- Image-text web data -
--- START ---

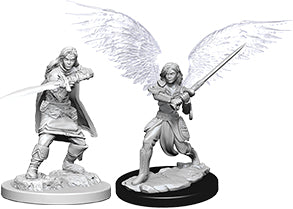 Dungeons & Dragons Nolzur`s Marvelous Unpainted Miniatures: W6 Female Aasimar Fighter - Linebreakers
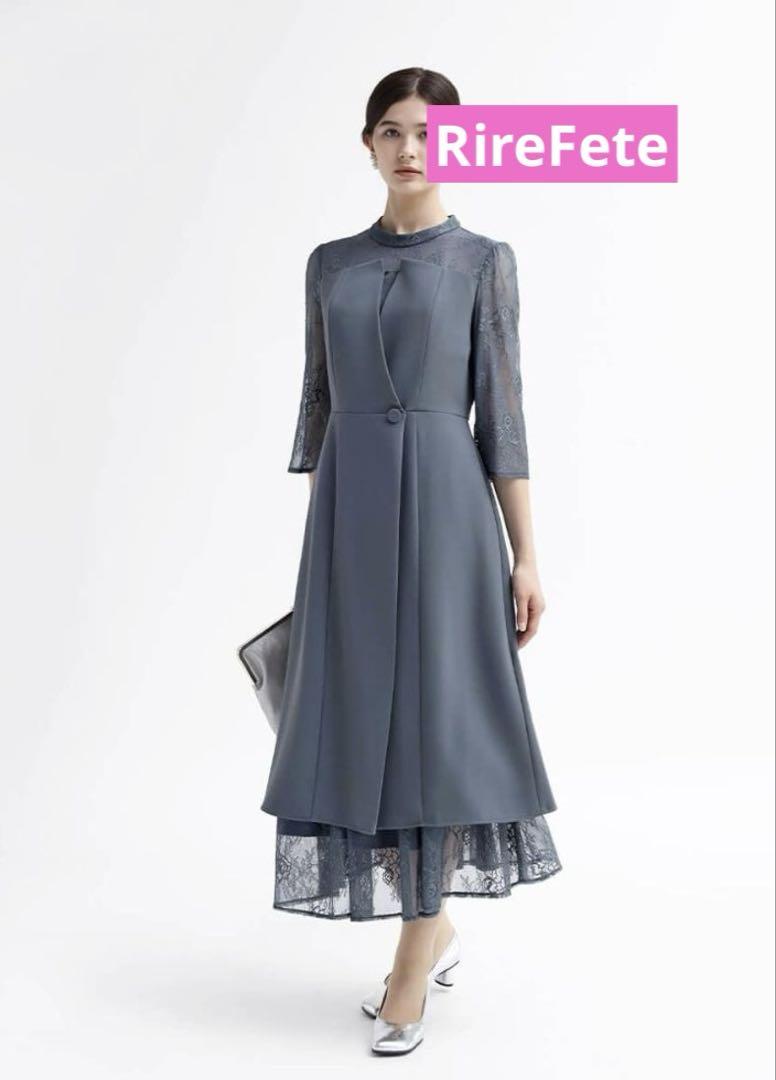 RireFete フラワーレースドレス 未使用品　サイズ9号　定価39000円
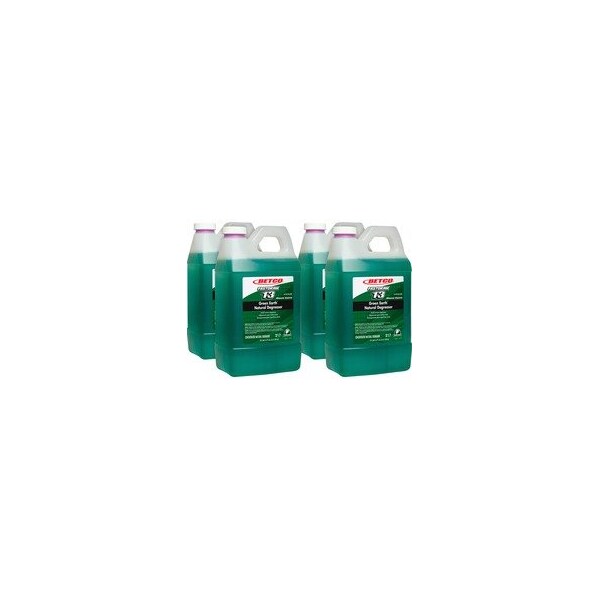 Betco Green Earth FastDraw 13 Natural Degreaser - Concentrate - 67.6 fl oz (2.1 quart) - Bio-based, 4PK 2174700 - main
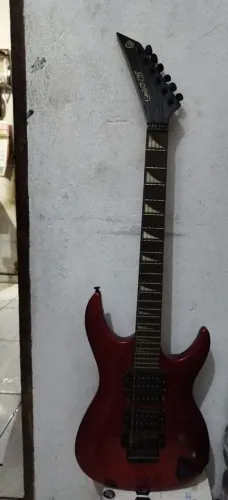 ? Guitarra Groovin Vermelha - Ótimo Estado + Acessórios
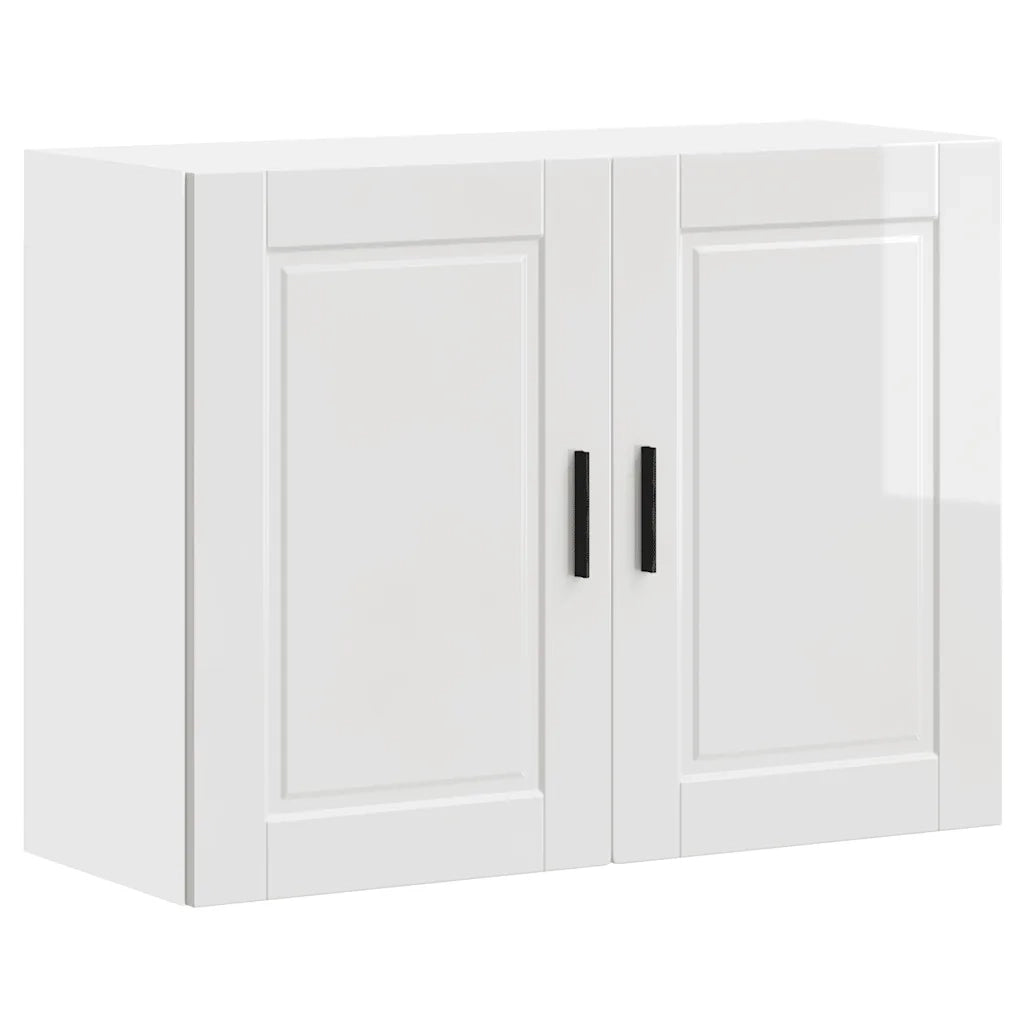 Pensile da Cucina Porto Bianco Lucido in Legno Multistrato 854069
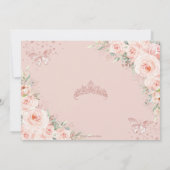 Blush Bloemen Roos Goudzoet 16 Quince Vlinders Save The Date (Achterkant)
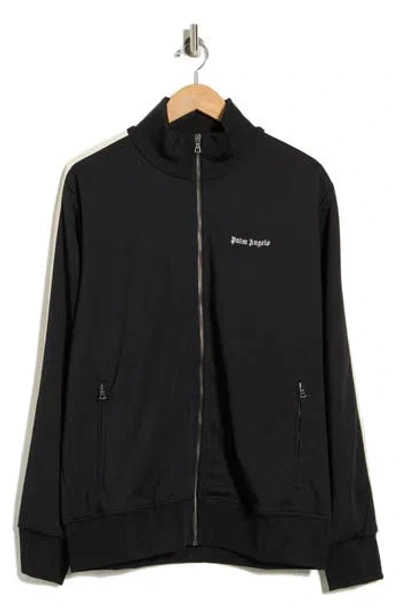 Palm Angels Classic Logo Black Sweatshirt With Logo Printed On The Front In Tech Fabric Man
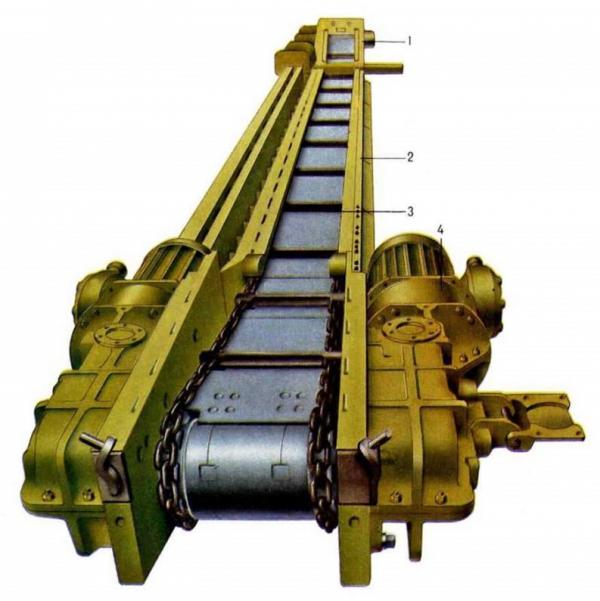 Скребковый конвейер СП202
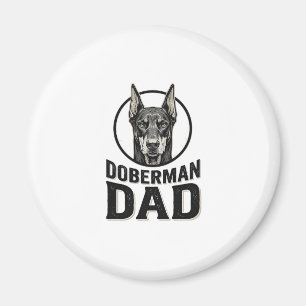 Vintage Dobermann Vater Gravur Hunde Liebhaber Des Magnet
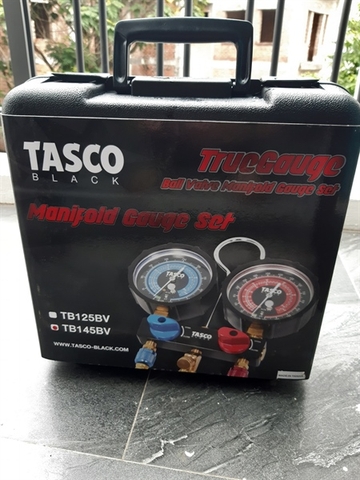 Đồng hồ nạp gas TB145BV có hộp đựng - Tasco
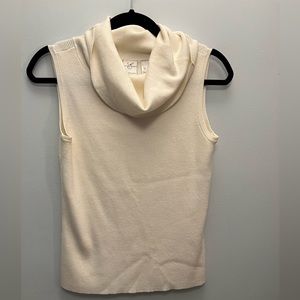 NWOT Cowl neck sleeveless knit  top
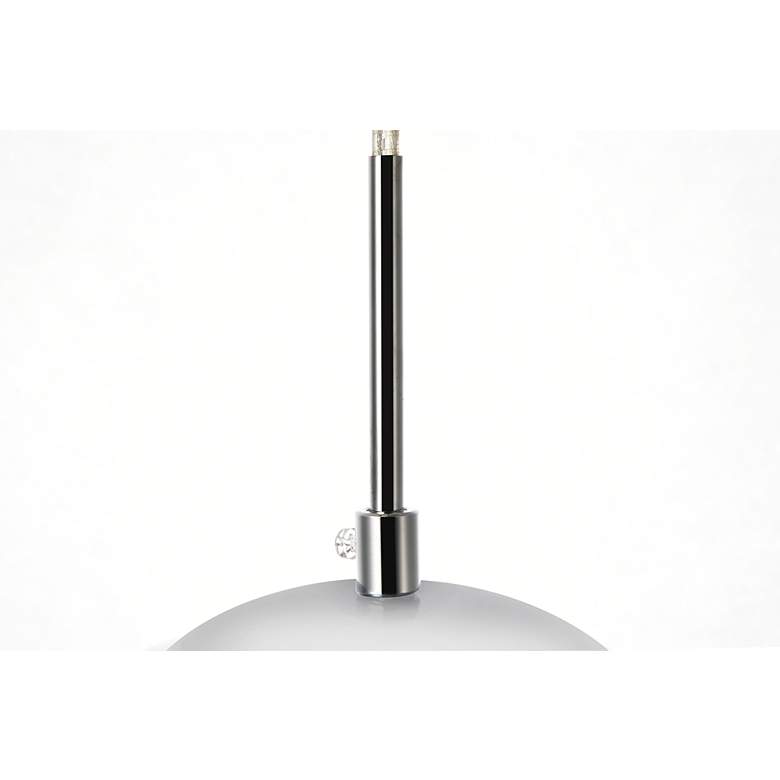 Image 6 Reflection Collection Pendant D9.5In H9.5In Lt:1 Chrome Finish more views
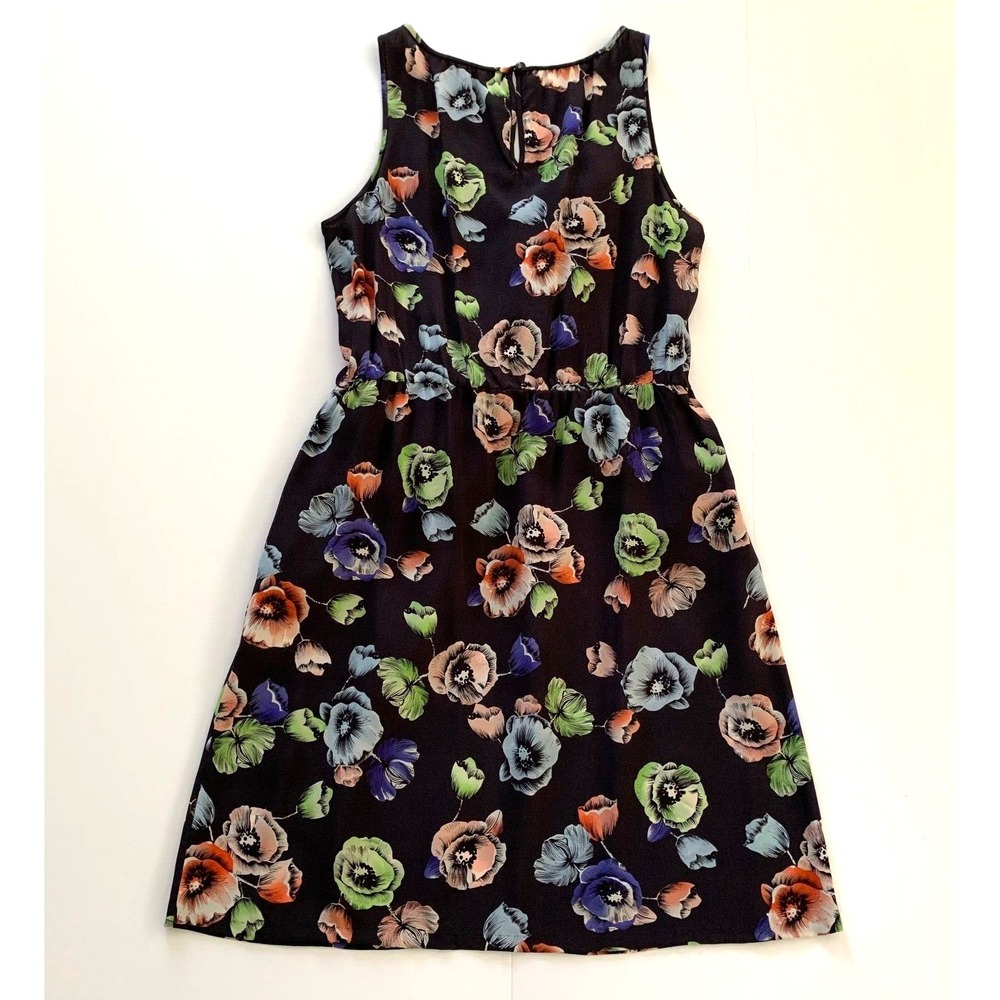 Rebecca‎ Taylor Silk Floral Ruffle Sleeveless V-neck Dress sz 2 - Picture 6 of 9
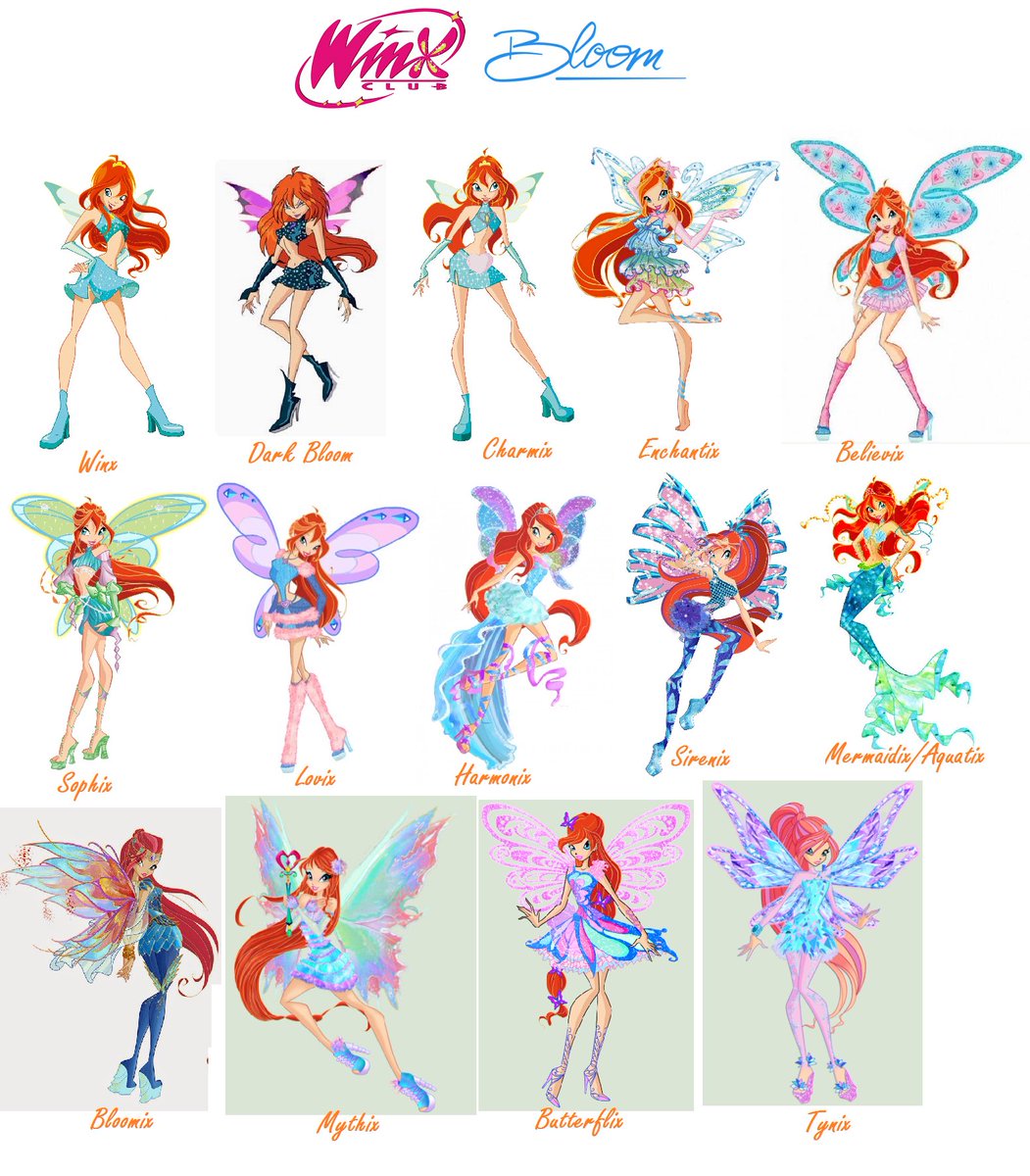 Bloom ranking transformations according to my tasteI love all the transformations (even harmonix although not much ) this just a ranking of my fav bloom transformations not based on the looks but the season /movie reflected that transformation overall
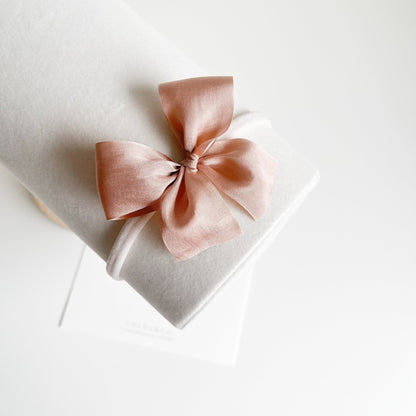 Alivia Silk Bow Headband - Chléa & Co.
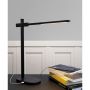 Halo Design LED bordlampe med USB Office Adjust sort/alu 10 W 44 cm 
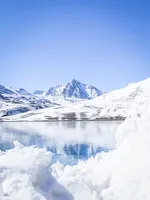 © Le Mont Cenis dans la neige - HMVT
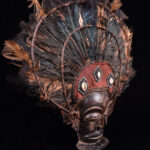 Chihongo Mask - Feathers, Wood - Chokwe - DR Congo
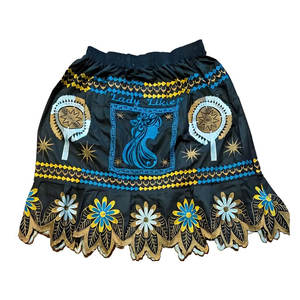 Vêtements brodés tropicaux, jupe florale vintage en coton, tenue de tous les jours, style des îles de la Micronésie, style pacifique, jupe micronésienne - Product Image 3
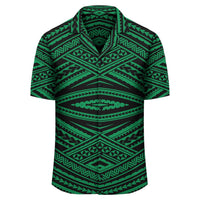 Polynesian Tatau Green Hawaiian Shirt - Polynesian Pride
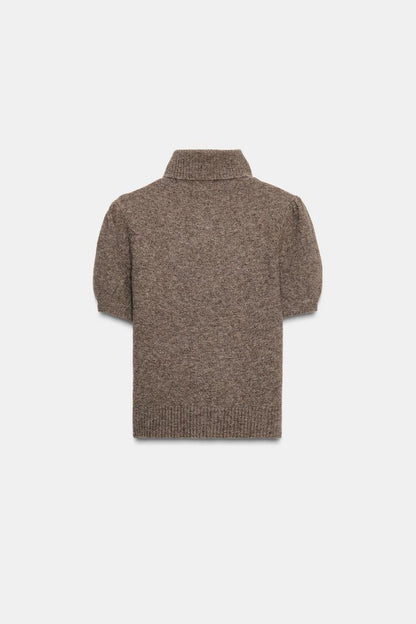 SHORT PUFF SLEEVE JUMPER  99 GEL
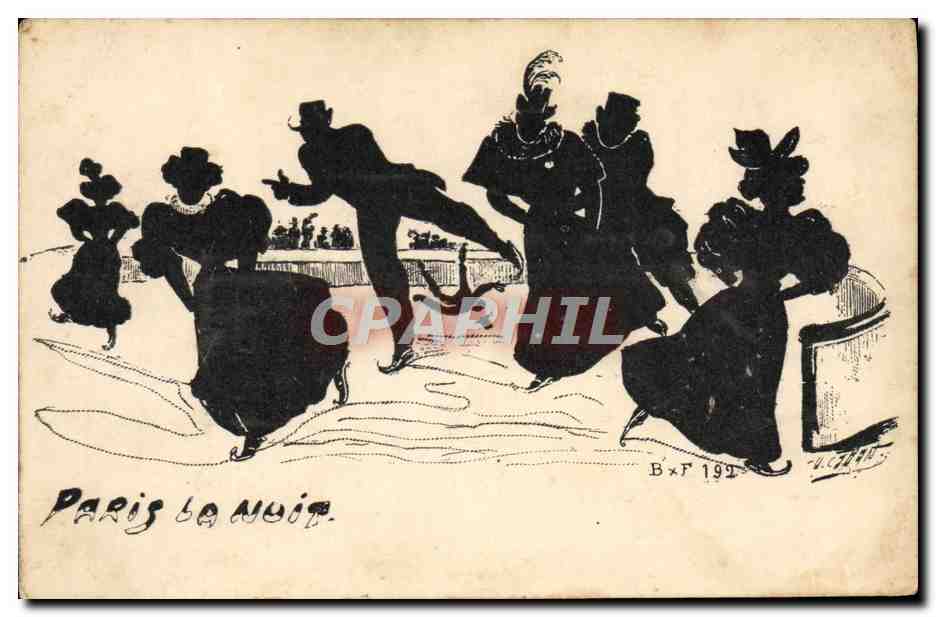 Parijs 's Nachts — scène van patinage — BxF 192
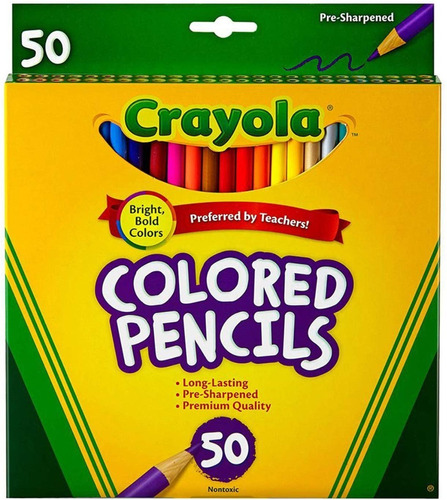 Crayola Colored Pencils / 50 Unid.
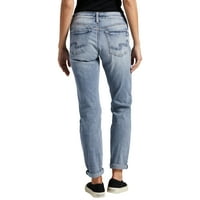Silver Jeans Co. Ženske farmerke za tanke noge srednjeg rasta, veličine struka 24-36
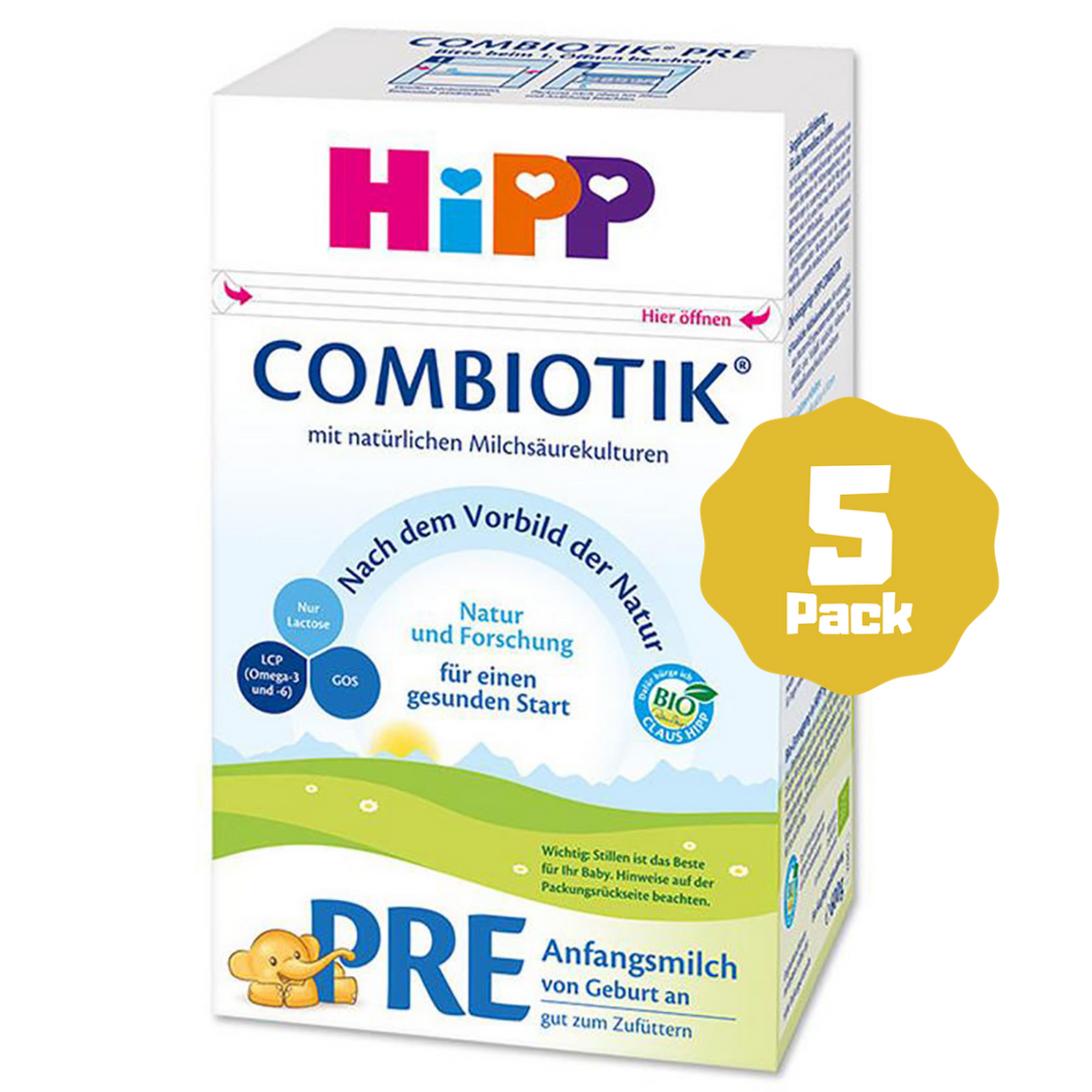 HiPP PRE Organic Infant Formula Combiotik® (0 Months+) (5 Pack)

--- END ---

- INSTRUCTIONS TO FOLLOW -
Leave every picture out, and repeat exactly the lines from the one containing "SHORT PUFF SLEEVE" through the last line of the entries, both ends included.

- OUTPUT OF THE TASK -
 SHORT PUFF SLEEVE JUMPER  99 GEL
 Parijs 's Nachts — scène van patinage — BxF 192
 Crayola Colored Pencils / 50 Unid.
Silver Jeans Co. Ženske farmerke za tanke noge srednjeg rasta, veličine struka 24-36
 HiPP PRE Organic Infant Formula Combiotik® (0 Months+) (5 Pack)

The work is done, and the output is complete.